The entries are to be duplicated exactly, though any picture in them must be omitted.

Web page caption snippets
══════════

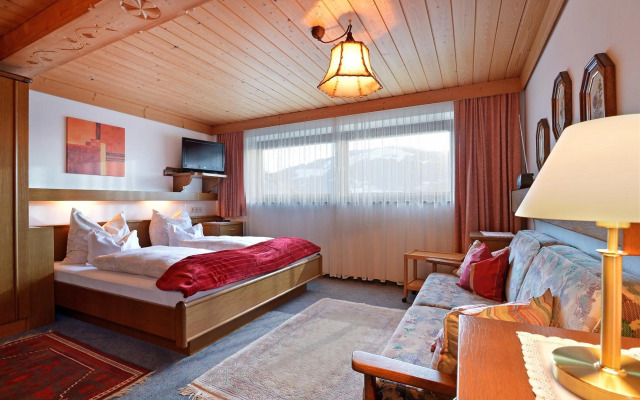 Ferienhaus Kröll - Christoph Kröll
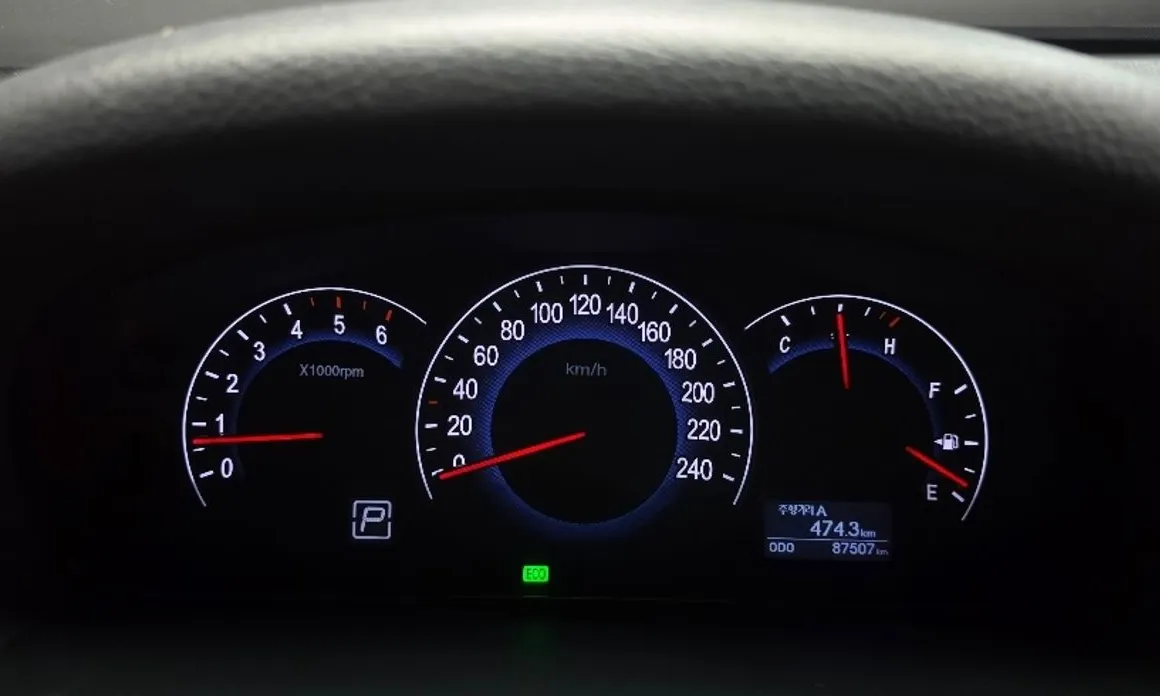Hyundai Veracruz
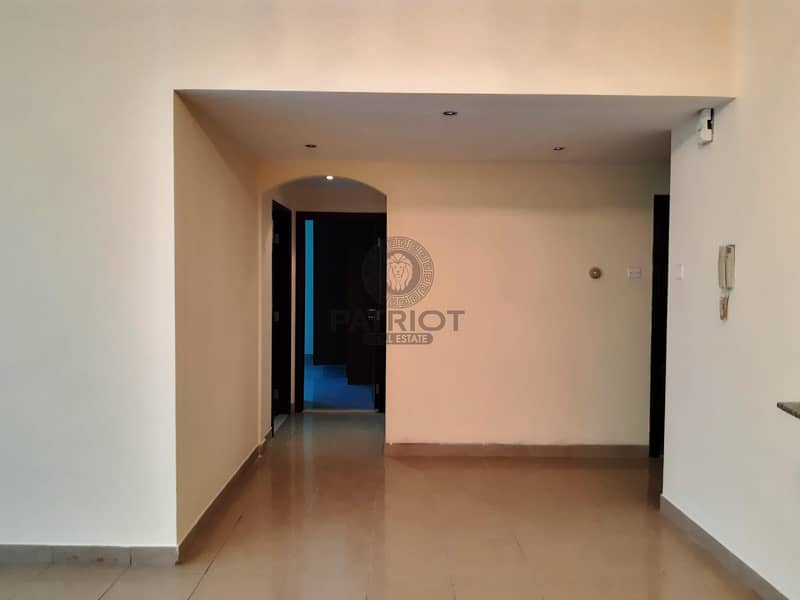 5 Excellent and Bright Apartment Opposite Greens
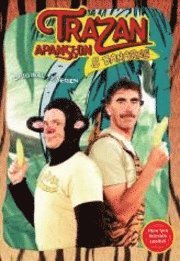 Omslagsbild: ISBN B200112460, Trazan Apansson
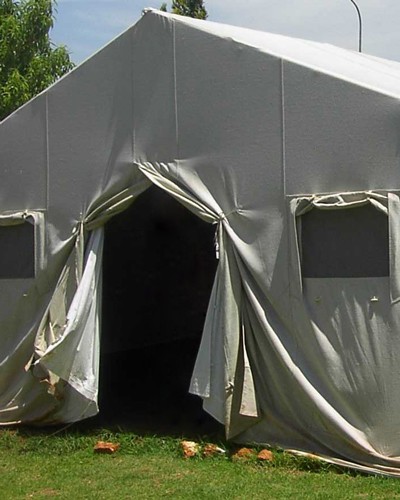 Изготавливаем солдатские палатки в Лисках вместимостью <strong>до 70 человек</strong>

══════════

Solution for this problem:
 Ferienhaus Kröll - Christoph Kröll
Hyundai Veracruz
 5 Excellent and Bright Apartment Opposite Greens
 Omslagsbild: ISBN B200112460, Trazan Apansson
 Изготавливаем солдатские палатки в Лисках вместимостью <strong>до 70 человек</strong>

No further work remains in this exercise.